De "véritables caméléons": un couple d'escroc s'installe dans un château et saccage les lieux
Particulier vend château à Emancé (Yvelines). Prix d'achat: 11 millions d'euros. Une vente d'un bien de prestige qui a su attirer son public d'escrocs. Un couple va être jugé pour avoir escroqué le propriétaire de cette demeure d'exception après avoir fait croire à son acquisition, s'être installé entre les murs, revendu le mobilier ancien et enfin saccagé les lieux.

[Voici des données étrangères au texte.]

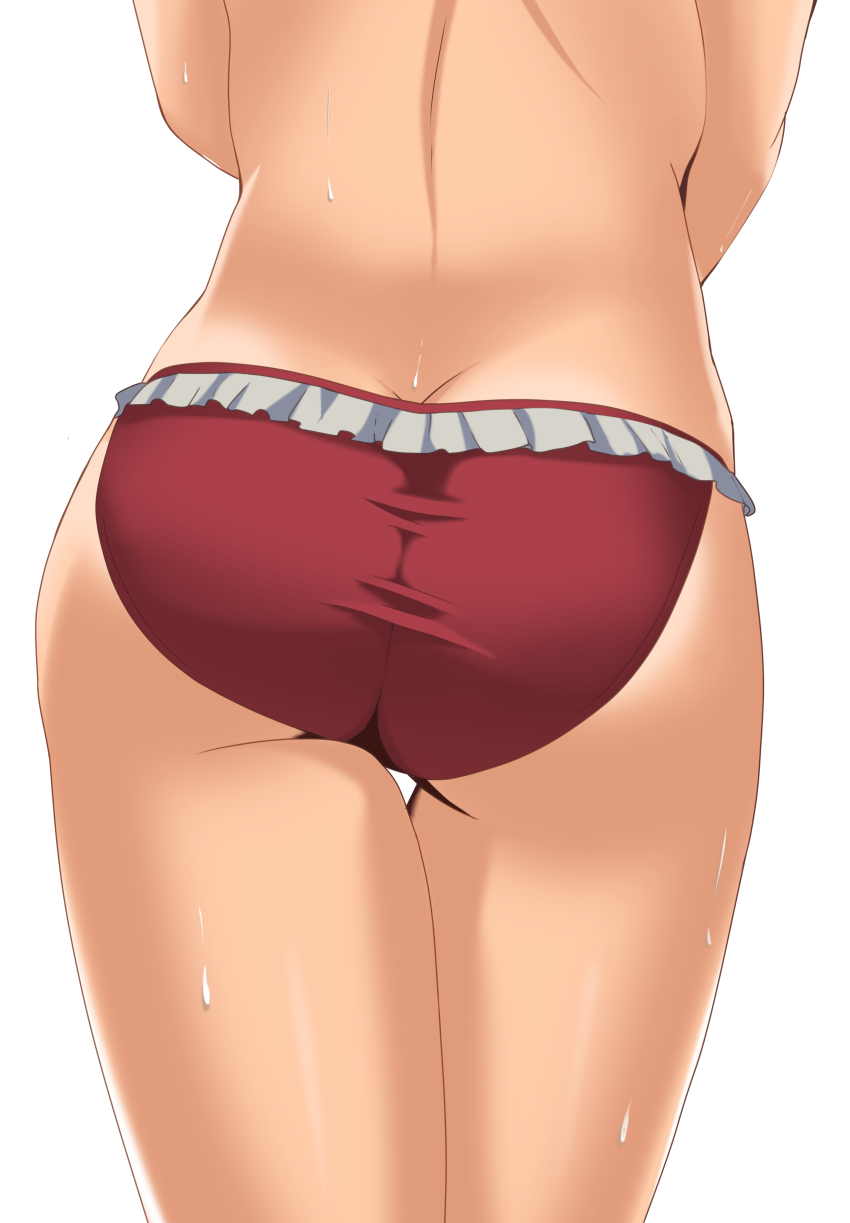 1girl absurdres ass ass_focus bikini bikini_bottom_only butt_crack commentary_request frilled_bikini frills from_behind head_out_of_frame highres lower_body lycoris_recoil nishikigi_chisato red_bikini simple_background solo standing sweat swimsuit tetsuado thigh_gap thighs white_background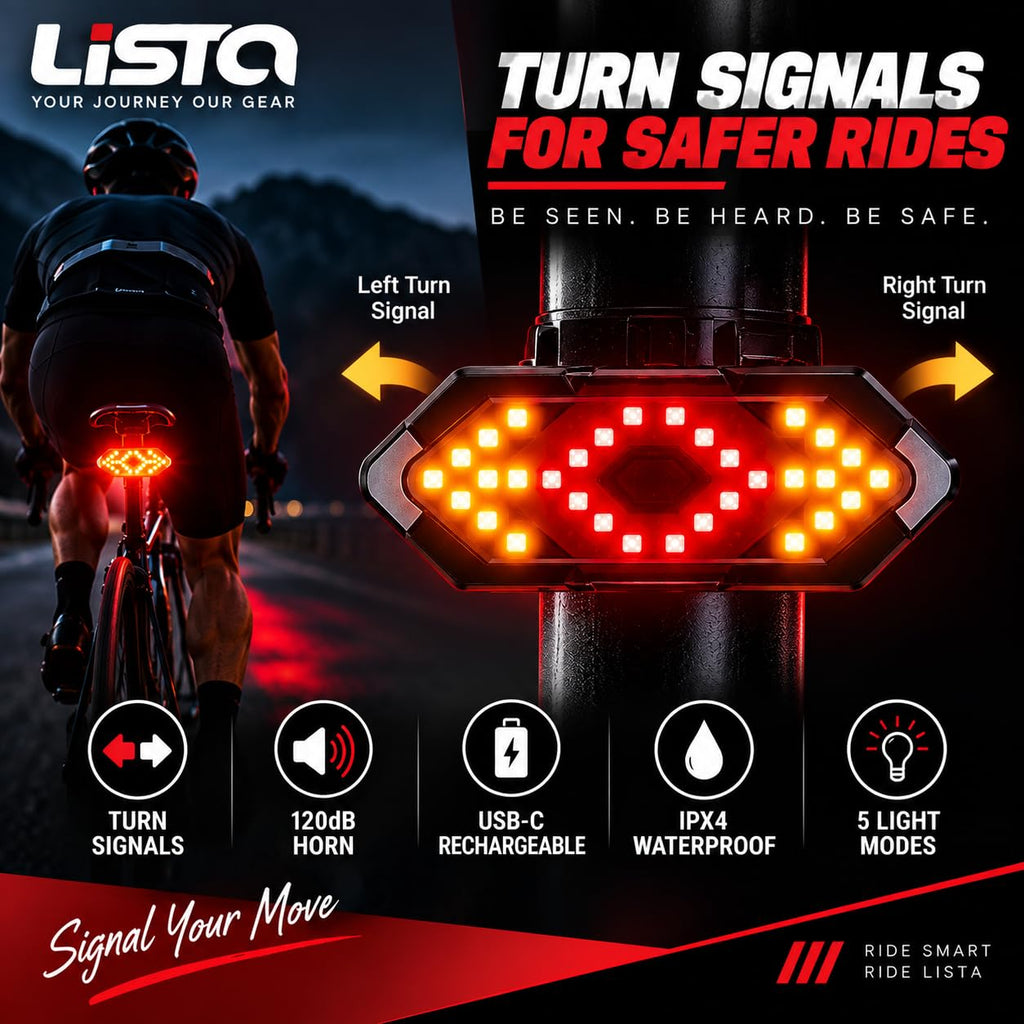 Lista Bicycle Tail Light USB Rechargable Smart Wireless Remote Control Turn Signal Warning Lamp Bike Taillight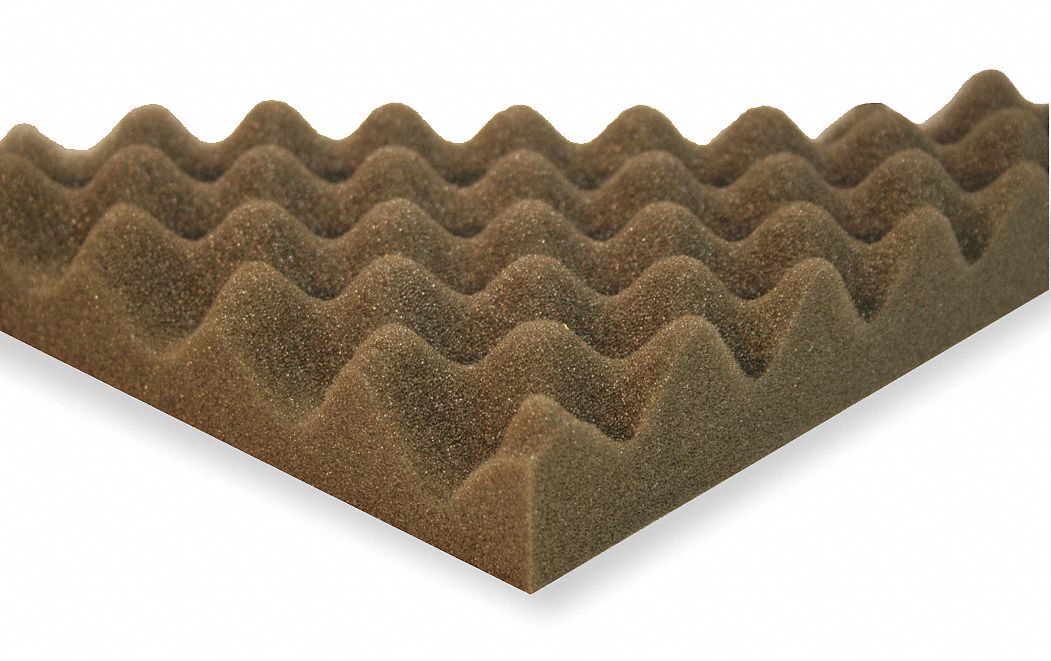 Acoustic Foam: 54 in Wd, 27 in Lg, 0.7 Noise Reduction Coefficient (NRC), Gray, 4 PK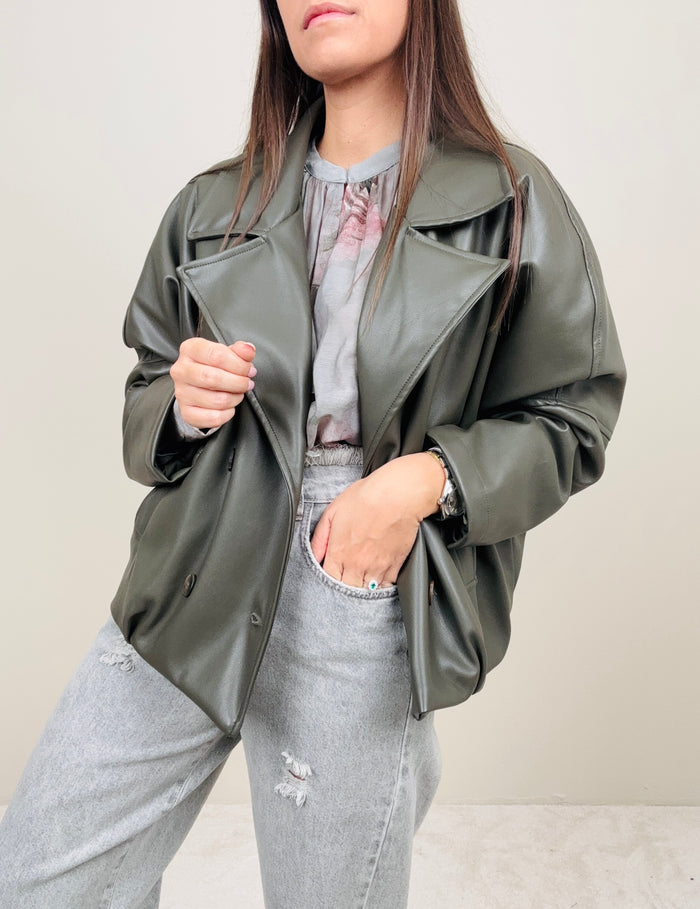 Bomber ecopelle oliva
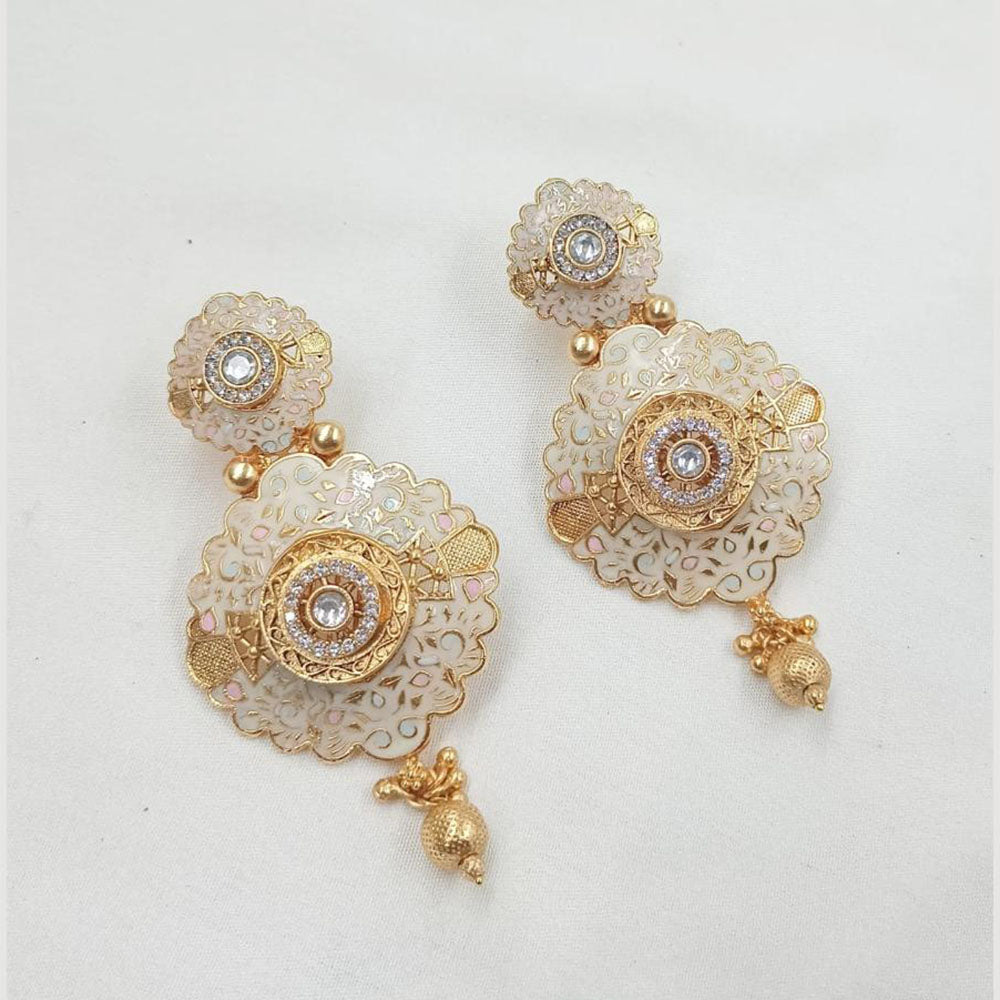 NAFJ Traditional Floral Meenakari Dangler Earrings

En mars dernier, l'homme et sa compagne pénètrent au sein de cette bâtisse construite sous Louis XIV, avoisinant les 1.000 m², selon l'annonce. "La beauté de ses boiseries parfaitement préservées saura vous faire ressentir l'excellence", prédit l'agent immobilier, tandis que le "Château de Sauvage" est un lieu historiquement connu dans la région, notamment en raison de son parc et des nombreux flamants roses et kangourou qui s'y trouvent. Le couple a convaincu la propriétaire qu'il se portait acquéreur pour la somme de 11 millions d'euros.

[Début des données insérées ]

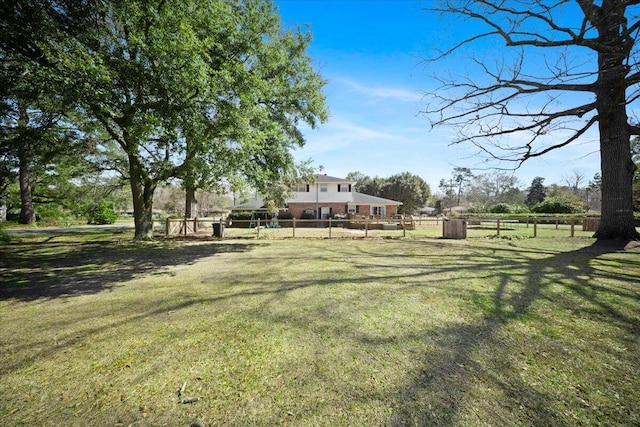 view of yard with fence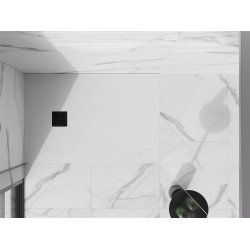 Mexen Stone+   SMC cadita 130 x 70 cm, alb ,  capace negru - 44107013-B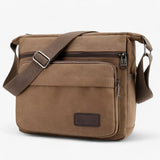Herrenschultertasche Schwarz – Multifunktionale Canvas  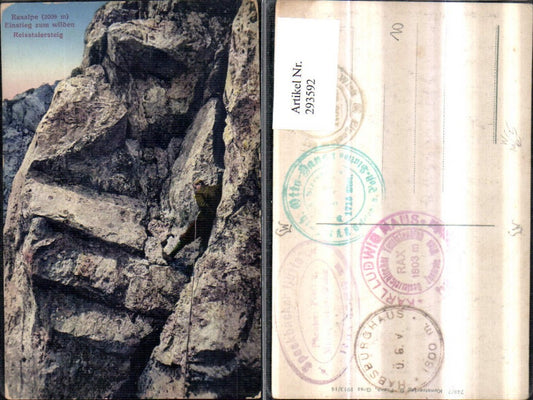 293592,Raxalpe Einsteig zum wilden Reißtalersteig Partie b. Reichenau Bergsteiger Kletterer
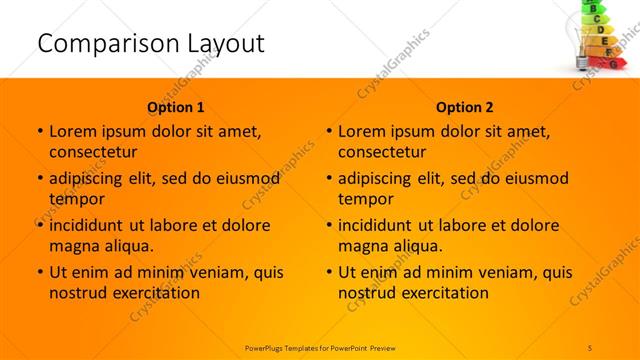 Comparison presentation slide layout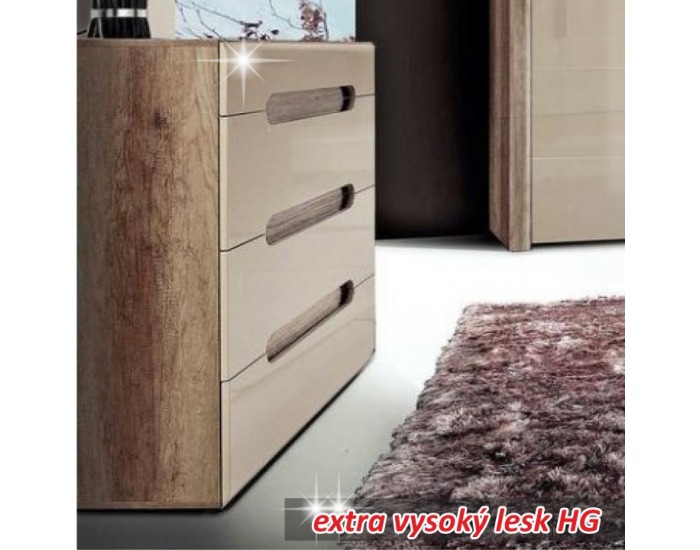 Zásuvková komoda Triztan - dub antický / béžový vysoký lesk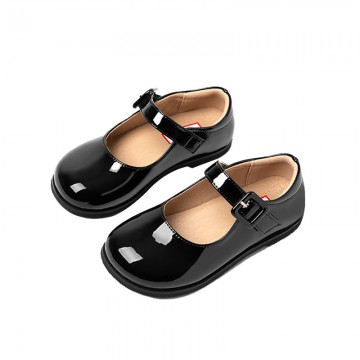 Black wide toe Velcro girls' leather shoes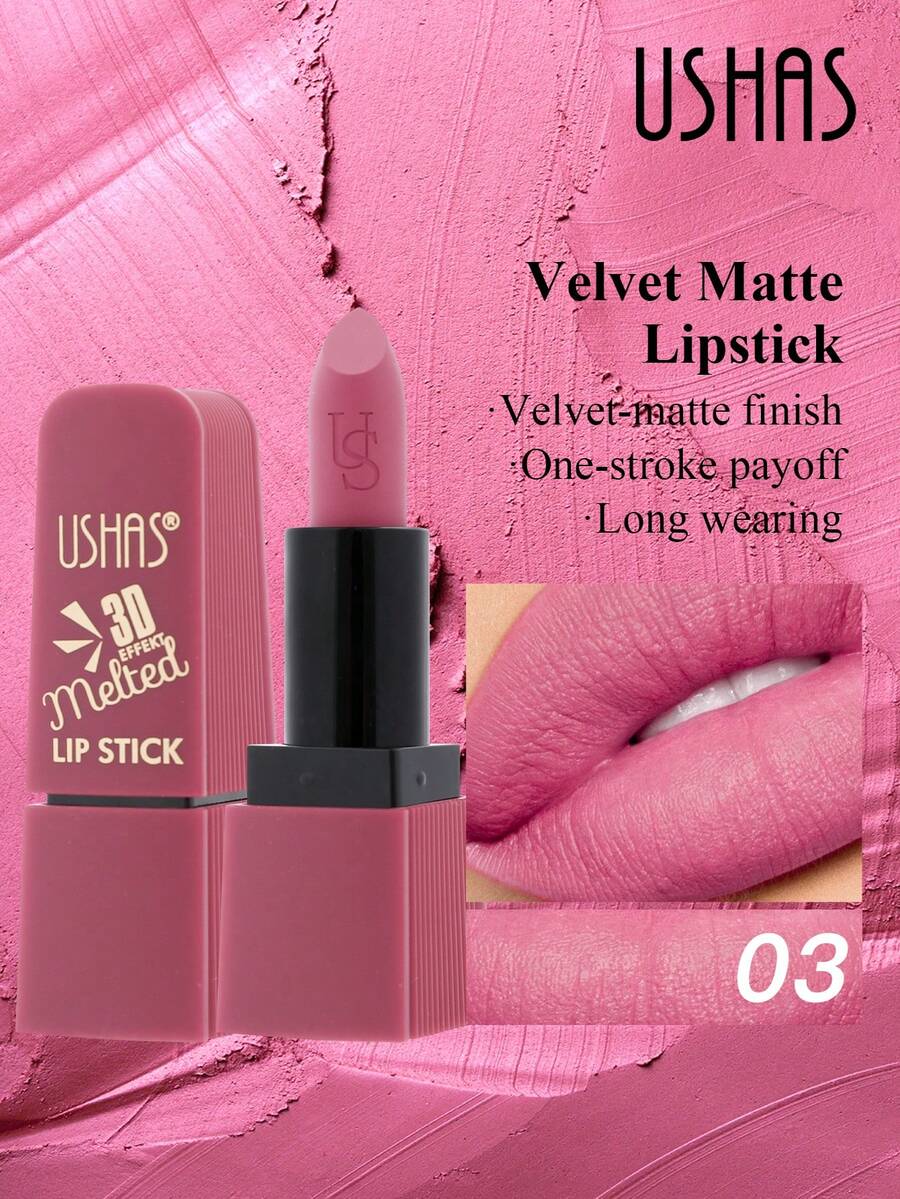 USHAS哑光唇膏，持久防水防汗不粘腻，丝绒哑光质地，高显色度，不拔干，适合所有肤质 - #03 - 查看 1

Un accord est trouvé même si aucun acte officiel n'est signé et aucun transfert d'argent effectué. Le couple s'installe. Visiblement peu charmé par les boiseries d'époque, le couple saccage la demeure en réalisant des travaux d'aménagement. Les boiseries sont décollées et les tentures, là aussi d'une grande valeur, sont arrachées, précise les enquêteurs confirmant les informations d'Actu78.
"Véritables caméléons"
Quelques semaines plus tard, la propriétaire du château s'inquiète de ne toujours pas voir son argent arriver. Elle se rend sur les lieux. Le couple a disparu, prenant le soin entre temps de vendre auprès d'antiquaires le mobilier époque Louis XV qui était resté dans la demeure. À chaque fois, ils évoquaient un héritage. Montant du préjudice: près de 500.000 euros.
Une enquête est alors ouverte, confiée à la section de recherches de Versailles et à la brigade territoriale autonome de Rambouillet. Les enquêteurs remontent rapidement le fil. Ils font le rapprochement avec une affaire similaire. Quelques semaines avant de jeter leur dévolu sur le château d'Emancé, les deux escrocs avaient déjà occupé un manoir à Monfort-l'Aumaury (Yvelines) entre novembre 2022 et avril 2023. Là encore, ils avaient fait une fausse promesse d'achat. Le propriétaire s'en était rendu compte et avait fait changer les serrures.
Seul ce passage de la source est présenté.